Später Triumph für Lafontaine Leitartikel Von Ansgar Graw Rot und Grün verhandeln noch, aber die Entscheidung, vom Kurs der vorigen Legislaturperiode abzuweichen, ist offenkundig gefallen. Der Begriff des Sparens ist nicht mehr der Fixstern, an dem Kanzler Schröder die Politik seines Kabinetts orientieren möchte. Anstelle der Konsolidierung des Haushaltes tritt vor dem Hintergrund des wirtschaftlichen Abschwungs eine andere Philosophie. Die neue Finanzpolitik, so hat es SPD-Fraktionschef Franz Müntefering formuliert, muss "zu dem Ziel, Wachstum zu sichern", beitragen.
Das ist nicht das Vokabular Hans Eichels. Die Autorität des Bundesfinanzministers wird von den rot-grünen Unterhändlern seit Tagen untergraben, indem sie den Journalisten stecken, wie groß der konsensuale Unmut am Konferenztisch über den Rigorismus des gestrengen Schatzmeisters ist. Wachstum, Beschäftigung, die Belebung der Konjunktur stehen jetzt in der Prioritätenliste vor dem Sparziel. Da scheint Eichels Vorgänger, der vermeintlich letzte Keynesianer der SPD, Oskar Lafontaine, um die Ecke zu lugen und einen späten Triumph angesichts einer Regierung zu feiern, deren Kanzler noch im Wahlkampf Eichels strikten Kurs hoch gelobt hatte. Jetzt wird die Losung ausgegeben, dass die Sparpolitik richtig und wichtig sei und fortgesetzt werden müsse - aber nur so lange, wie sie nicht "konjunkturabwürgend" ist, wie es in Hessen, wo am 2. Februar gewählt wird, von SPD-Chef Gerhard Bökel formuliert wird.

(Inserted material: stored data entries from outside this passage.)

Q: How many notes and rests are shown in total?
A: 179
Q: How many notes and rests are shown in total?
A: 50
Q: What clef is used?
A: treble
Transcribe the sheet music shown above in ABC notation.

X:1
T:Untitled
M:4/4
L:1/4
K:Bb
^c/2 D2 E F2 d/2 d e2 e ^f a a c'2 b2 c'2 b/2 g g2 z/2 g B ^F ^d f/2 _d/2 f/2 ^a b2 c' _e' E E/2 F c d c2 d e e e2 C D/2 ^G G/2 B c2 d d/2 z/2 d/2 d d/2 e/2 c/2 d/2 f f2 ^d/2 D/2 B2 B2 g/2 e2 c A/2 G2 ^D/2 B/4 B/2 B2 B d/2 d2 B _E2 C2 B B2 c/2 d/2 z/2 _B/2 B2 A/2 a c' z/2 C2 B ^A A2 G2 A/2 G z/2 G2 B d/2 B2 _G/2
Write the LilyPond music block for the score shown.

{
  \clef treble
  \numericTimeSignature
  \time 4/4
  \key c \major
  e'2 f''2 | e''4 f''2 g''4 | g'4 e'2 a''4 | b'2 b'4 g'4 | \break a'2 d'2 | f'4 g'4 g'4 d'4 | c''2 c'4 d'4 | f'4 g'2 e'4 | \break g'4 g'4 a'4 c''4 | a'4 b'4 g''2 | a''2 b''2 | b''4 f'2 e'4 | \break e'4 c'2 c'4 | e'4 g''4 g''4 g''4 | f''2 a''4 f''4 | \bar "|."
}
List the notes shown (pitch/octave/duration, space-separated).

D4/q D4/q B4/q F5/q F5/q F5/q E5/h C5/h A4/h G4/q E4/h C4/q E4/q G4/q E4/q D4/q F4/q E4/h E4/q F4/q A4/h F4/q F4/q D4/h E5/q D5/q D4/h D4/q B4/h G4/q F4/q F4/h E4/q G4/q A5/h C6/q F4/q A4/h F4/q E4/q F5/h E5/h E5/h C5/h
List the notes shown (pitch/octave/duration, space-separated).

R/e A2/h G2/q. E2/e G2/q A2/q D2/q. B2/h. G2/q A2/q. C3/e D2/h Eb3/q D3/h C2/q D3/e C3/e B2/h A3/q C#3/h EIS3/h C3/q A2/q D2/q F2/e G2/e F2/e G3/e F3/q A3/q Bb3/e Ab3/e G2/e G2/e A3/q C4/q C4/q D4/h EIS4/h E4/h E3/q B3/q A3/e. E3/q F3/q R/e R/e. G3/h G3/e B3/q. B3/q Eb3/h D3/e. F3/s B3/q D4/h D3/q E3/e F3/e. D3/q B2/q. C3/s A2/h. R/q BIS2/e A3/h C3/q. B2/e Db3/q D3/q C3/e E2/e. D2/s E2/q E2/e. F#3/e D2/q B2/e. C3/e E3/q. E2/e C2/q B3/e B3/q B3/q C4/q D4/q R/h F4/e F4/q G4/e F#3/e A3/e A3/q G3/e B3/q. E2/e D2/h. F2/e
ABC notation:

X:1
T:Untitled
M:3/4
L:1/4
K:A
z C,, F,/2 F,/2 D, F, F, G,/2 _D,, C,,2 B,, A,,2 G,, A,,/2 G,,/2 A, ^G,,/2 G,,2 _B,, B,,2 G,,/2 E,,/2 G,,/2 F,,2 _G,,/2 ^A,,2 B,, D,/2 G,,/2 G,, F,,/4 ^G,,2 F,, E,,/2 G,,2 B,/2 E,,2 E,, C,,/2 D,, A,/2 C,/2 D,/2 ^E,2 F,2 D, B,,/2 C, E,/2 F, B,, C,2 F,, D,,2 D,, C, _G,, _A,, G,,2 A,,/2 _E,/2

Was in der Endphase des Wahlkampfes angesichts der Flutkatastrophe mit der Verschiebung der nächsten Stufe der Steuerreform begann, soll fortgesetzt werden. Der Staat will Geld in die Hand nehmen und dorthin geben, wo es, nach seiner Meinung, Arbeitsplätze schafft. Ob dieses Geld aus Steuererhöhungen kommt oder aus einer verlangsamten Reduzierung des Schuldenstands und einer dazu nötigen weiteren Kreditaufnahme, ist dabei zweitrangig. Manches von diesen Ideen hat man übrigens im Wahlkampf auch von Seiten der Union gehört.
Dass bei einem solchen Kurs die Staatsverschuldung steigen wird, kalkulieren die rot-grünen Koalitionäre ein. Niedersachsens Ministerpräsident Sigmar Gabriel, in dessen Bundesland im Februar ebenfalls gewählt wird, bezeichnet schon vor dem 22. September die Maastrichter Neuverschuldungsgrenze von drei Prozent als "Voodoo-Ökonomie". Der neue SPD-Generalsekretär Olaf Scholz nimmt die Munition gegen den Stabilitätspakt der Europäischen Union auf, wenn er scheinheilig sagt, "gegen gelockerte Vorgaben aus Brüssel wäre nichts einzuwenden - dann hätten wir neue Spielräume". Tatsächlich aber will nicht Brüssel die Vorgaben lockern, sondern Berlin, und es weiß sich mit Paris und Rom einig. Ob am Ende mehr als ein Torso von den strengen Maastrichter Regeln übrig bleiben wird, lässt sich angesichts einer solch konzertierten Aktion allenfalls hoffen.
So wie die bisherigen Beteuerungen verklingen, an den Maastrichter Kriterien festzuhalten, verhallt auch das Echo jener Versprechen Gerhard Schröders, mittels derer er vor rund vier Jahren den Rückzug des Staates ankündigte. Die Abkehr vom Primat des Sparens ist eine Rückkehr zum Glauben an die Allmacht des Staates, der antizyklisch in die Konjunktur eingreifen soll, um der Wirtschaft Beine zu machen. Was aber wird der Staat am Ende tatsächlich zustande bringen, wenn er jetzt 90 Milliarden Euro für die Verkehrsinfrastruktur, die bis 2010 geplant sind, zu möglichst großen Teilen vorziehen will? Der Bau von Autobahnen bringt kaum noch Arbeitsplätze, und wenn die neuen Verkehrswege stehen, sind auch die wenigen Jobs dahin. Wenn aber gleichzeitig dem Häuslebauer die Eigenheimzulagen gestrichen werden, blutet die Branche.
Des Kanzlers aktuelle Suche nach dem richtigen Weg orientiert sich, wie es scheint, nicht mehr an den Versprechen von Deregulierung und Entbürokratisierung, sondern am Vertrauen in die Allmacht des Staates. Das ist keine neue Idee, sondern ein alter Irrtum. Gerade in Zeiten der zunehmend vernetzten Ökonomie ist es nicht mehr die Fiskalpolitik, die über Wohl und Wehe der Volkswirtschaft entscheidet, sondern die Leistungsbereitschaft von innovativen Unternehmern. Wer nicht den Mut hat, deren Ausgangsposition durch den Abbau von Auflagen und die Senkung von Steuern zu verbessern, manövriert sich in die Sackgasse.